It is submitted on behalf of the petitioner that the award to the extent it is contrary to Clause 63.1 of the General Terms and Conditions is hit by Section 28(3) of the Arbitration and Conciliation Act, 1996. After having held that compensation cannot be claimed under Clause 63.1 which is the provision for payment of compensation money, the arbitrator has proceeded to determine the compensation in a manner not contemplated by the contract and in this regard the learned Senior Counsel has relied upon the following decisions:-
i) J.G. Engineers Pvt. Ltd. Vs. Union of India & Anr. reported at (2011) 5 SCC 758;
ii) Oil & Natural Gas Corporation Ltd. Vs. Saw Pipes Ltd. reported at (2003) 5 SCC 705;
iii) New India Civil Erectors (P) Ltd. Vs. Oil & Natural Gas Corporation reported at (1997) 11 SCC 75.
Per contra, Mr. Sabyasachi Chowdhury, the learned Senior Counsel appearing on behalf of the respondent placed reliance on various parts of the award which highlighted that the petitioner is only executed 2.65% of the work and asserted that there is a clear finding that the petitioner has committed breach of contract. It is submitted that although the learned Arbitrator in estimating the damage has referred to the amount covered by performance guarantee, the arbitrator has awarded such sum after arriving at a clear finding that the petitioner has committed a breach of contract.

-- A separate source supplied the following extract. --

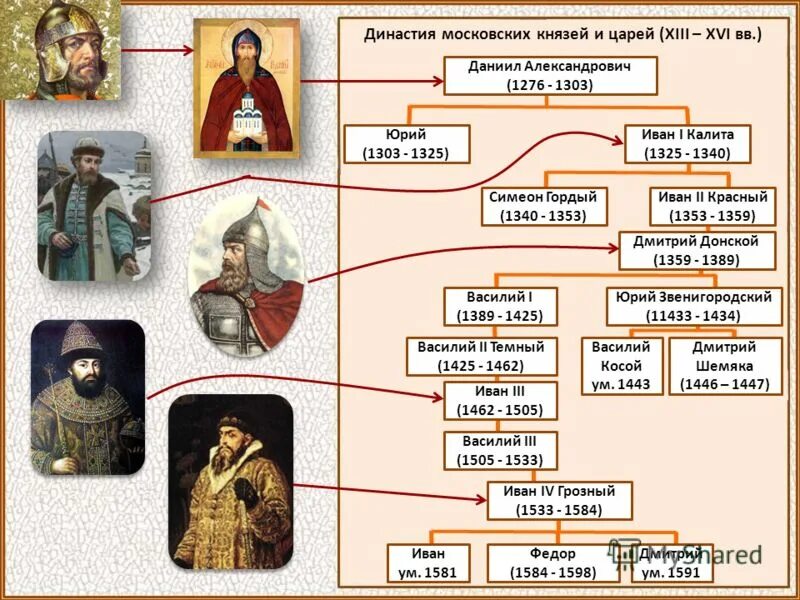 Какие есть династии в истории. Родословная московских князей от Даниила Александровича. Династия московских князей схема.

Mr. Chowdhury has relied upon Paragraph 67 of Oil & Natural Gas Corporations Ltd. Vs. Saw Pipes Ltd. (supra) and submits that there cannot be any doubt that after the petitioner had left the site, the entire work was executed and for which there has been considerable delay. The damage suffered by the petitioner cannot be accurately assessed or assessed with mathematical precision and some guesswork may be applied to quantify the damage. It is submitted that the petitioner cannot dispute that the amount covered under the bank guarantee was payable to the petitioner on a demand being raised by the respondent upon the bank as the terms of the bank guarantee are unconditional. This amount by the order of the Court the petitioner had deposited with the Registrar, Original Side, High Court, Calcutta. Once a breach is established, it is submitted that the entitlement to the said amount whether on the ground of damages or otherwise cannot be denied. The reference in the award to such an amount is to be understood on this reasoning.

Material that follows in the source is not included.